The sailing started off slow with light winds in beautiful weather. The winds steadily increased and by noon we were sailing with two reefs in the main and a couple rolls in the jib. We sped along at over seven knots with following seas that had us surfing regularly in the double digits.
The winds really starting ripping, often over 30 knots and the boat hit 13.4 knots, the fastest we've experienced since owning it, with eery cavitation sounds coming from the sterns. Fun stuff, but a bit of a problem because I planned our passage based on a velocity made good of 5 knots which, with strong winds forecast to continue for most of night, would mean a too early arrival in Morro Bay,
This was Renee and my first overnight passage in substantial weather. We stood three hour watches with one of us manning the helm and the other sleeping in the salon to be close at hand if needed. Our autopilot is fantastic, so "manning the helm" means keeping us on our route so we don't crash into a fixed object, looking out with eyes and radar to try and avoid crashing into moving ones, picking favorable wind angles and trimming sails. Not strenuous, but fatiguing in the cold night air, wind and rolling seas. Fortunately, I don't get seasick at all and enjoy the whole sailing experience. Renee isn't so fortunate. She is totally functional, but gets bad headaches and feels generally yucky. So for her, she competently endures her watch, but looks forward to lying down when its over and isn't thrilled when she has to get up to start another. I give her a lot of credit for not whining and complaining; I definitely would.

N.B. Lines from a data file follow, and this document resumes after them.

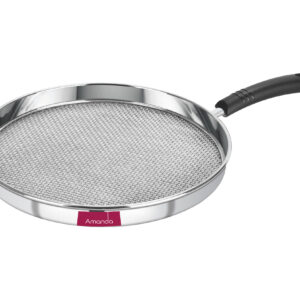 Amanda Stainless Steel Papad Jali Fryer (Roaster) | 304 Food Grade Stainless Steel | Papad, Phulka & Roti Grill
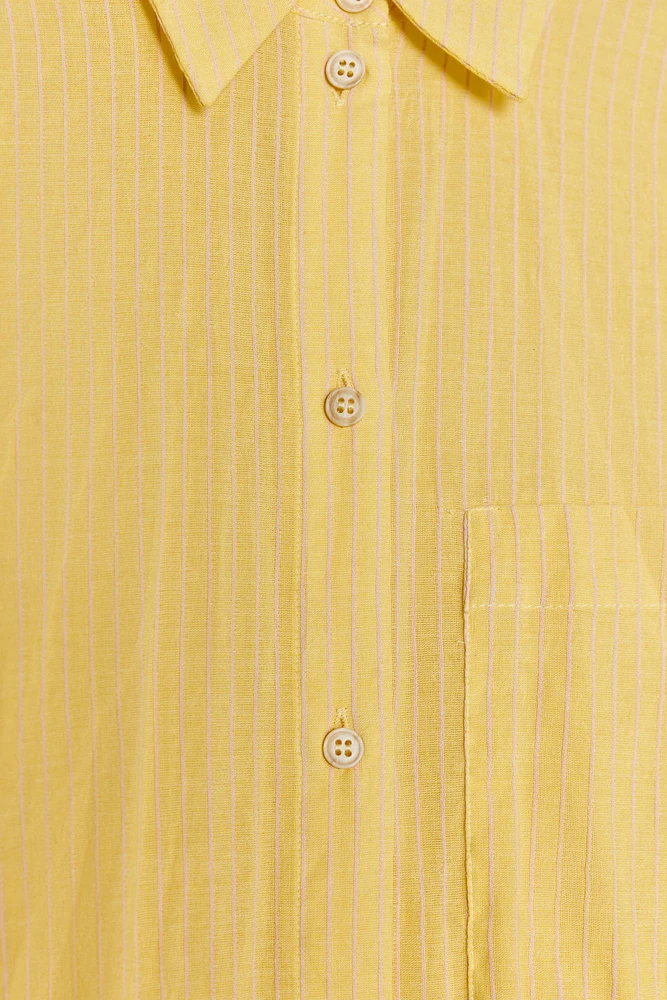 CHEMISE FROISSÉE À RAYURES ZW COLLECTION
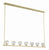 Crystorama ARA-10267-SB Aragon 7 Light Chandelier - Soft Brass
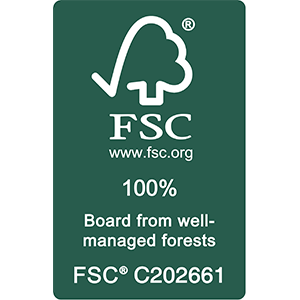 Mecofence composite fence manufacturer 2026 FSC 100% certification logo for composite fencing - Board from well-managed forests (C202661)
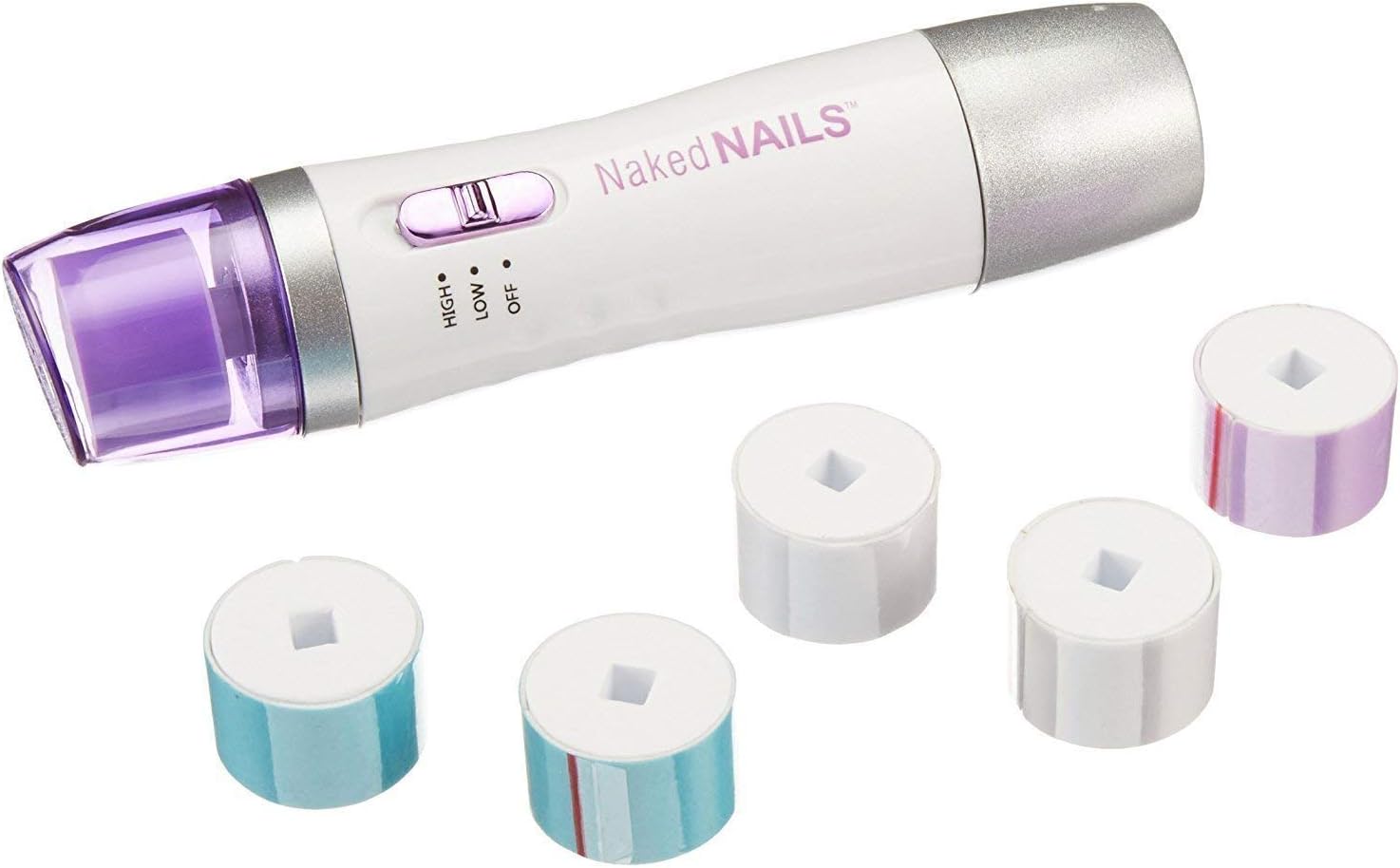 Globex Finishing Touch Naked Nails Electronic Nail Care System, File/Buff and Shine Effortlessly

We sailed steadily along through the moonless night with strong 6-10 foot following seas, with very little ship traffic and no smaller vessels showing up on radar. I started my nine p.m. watch feeling a bit unnerved at first. It was totally dark out and we were in quite dense fog. I couldn't see much past the bow of the boat and in such poor visibility could only feel the waves as they rolled past us. The wind had lessened a little to 15-20 knots true and we were sailing at a steady 5-6 knots. Without being able to see anything more than 20 feet or so around the boat, I was essentially powerless to respond to anything in our immediate vicinity. I had to put complete trust in our navigational tools and instruments, our radar and that our boat would ride the waves like she's built to do. About 30 minutes into my watch, I started feeling comfortable with my limited span of control, trusting in what I could, accepting what I could not. (What a great metaphor for a healthy attitude about life in general.) In an hour, I was having fun again. Cold, damp, windy, rolly, tired fun.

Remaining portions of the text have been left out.